Stored data below:
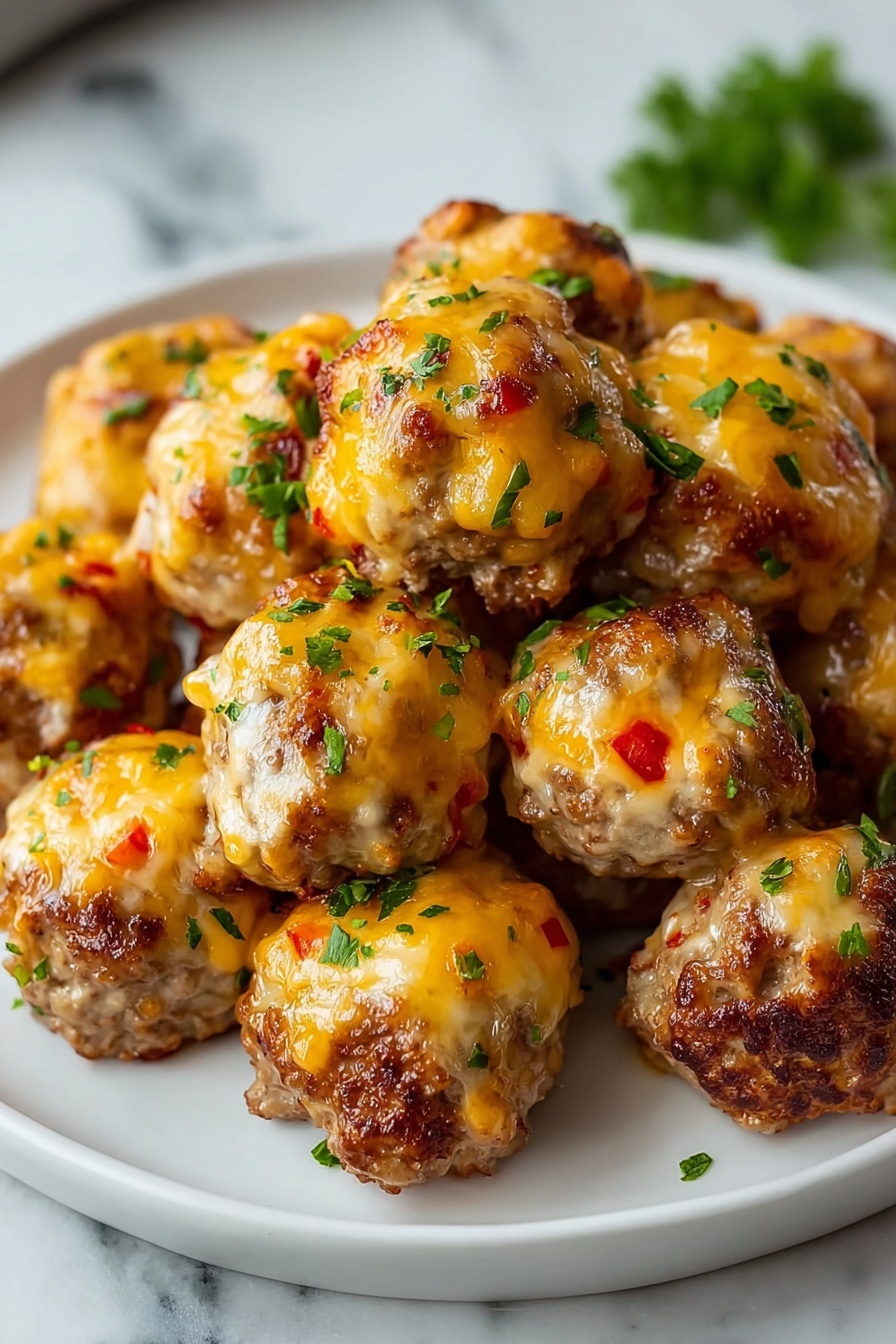 A plate of sausage balls with cheese and peppers.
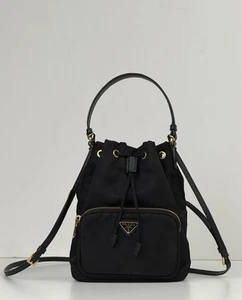 Prada Duet Drawstring Bucket Bag Tessuto Small Bag - Picture 1 of 12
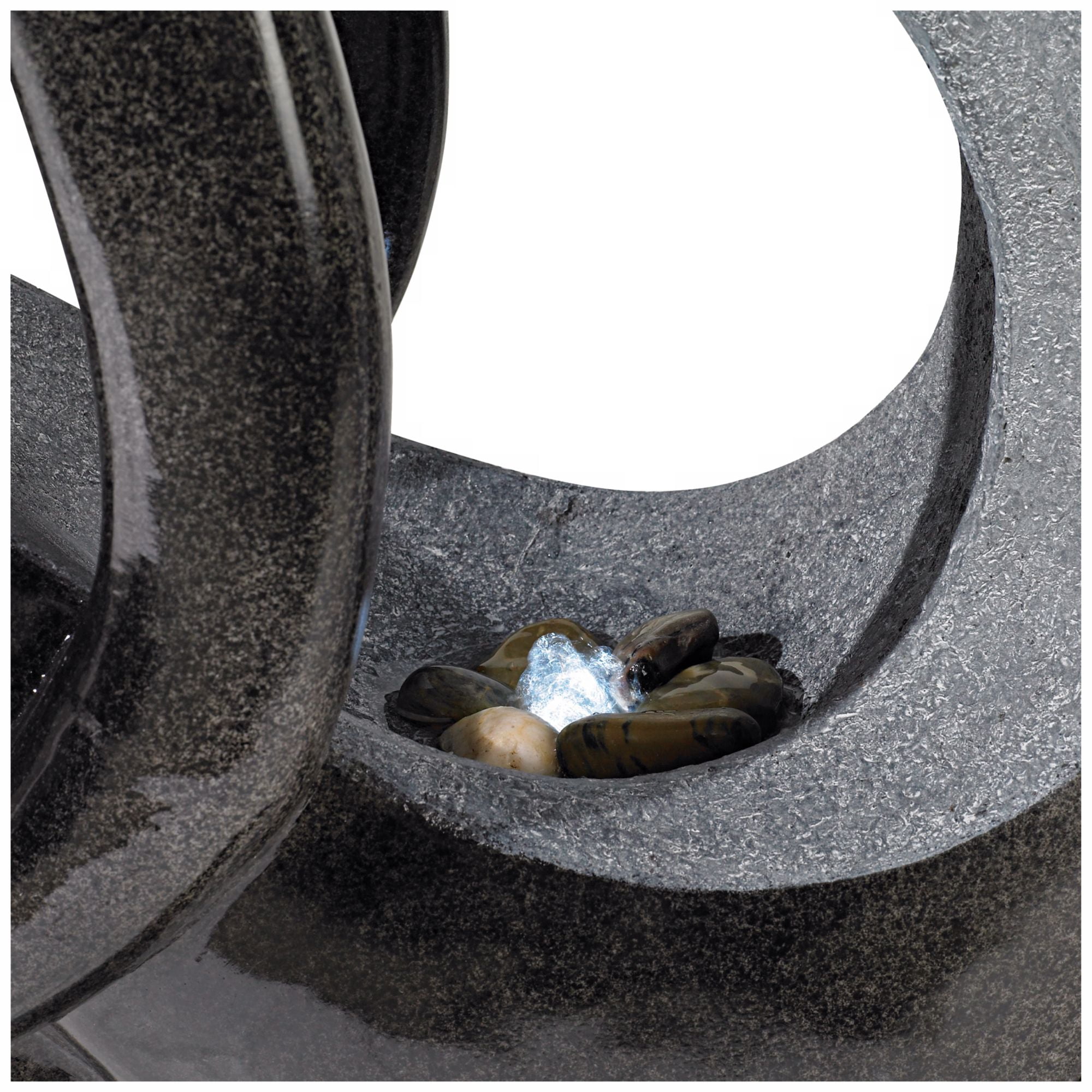 Graceful Form 43" High Large Modern Zen Indoor Outdoor Decor Resin Floor Fountain with Light LED Outside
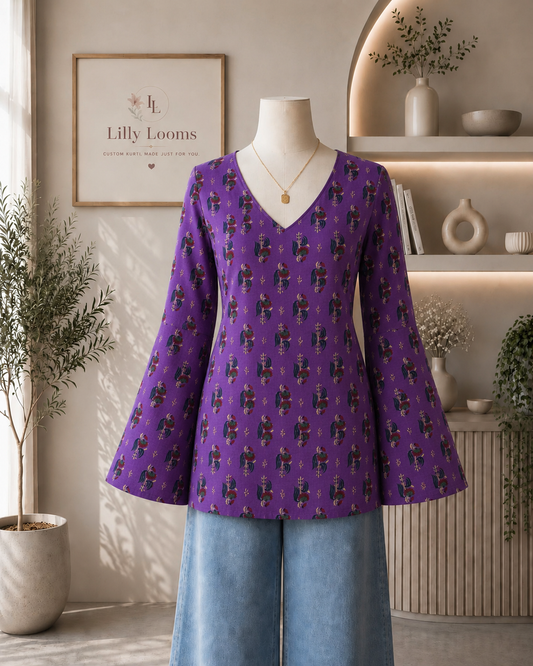 Purple Cotton Short Kurti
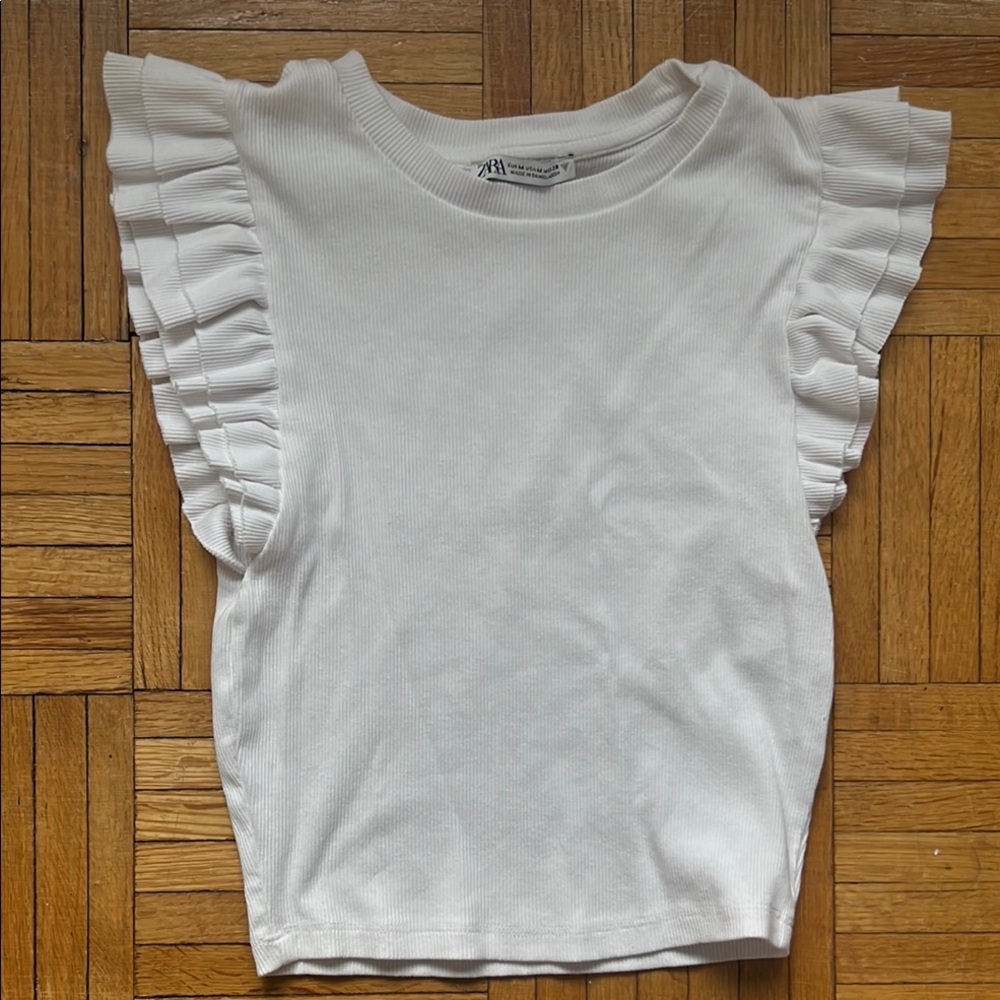 Zara White Ruffled Sleeve Top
End of Stored data.
— Work task —
Word for word, set down the lines from the line with "Light LED Outside" through the last line of the entries, and nothing else; the pictures stay out.

— Worked solution —
 Graceful Form 43" High Large Modern Zen Indoor Outdoor Decor Resin Floor Fountain with Light LED Outside
 Purple Cotton Short Kurti
 Zara White Ruffled Sleeve Top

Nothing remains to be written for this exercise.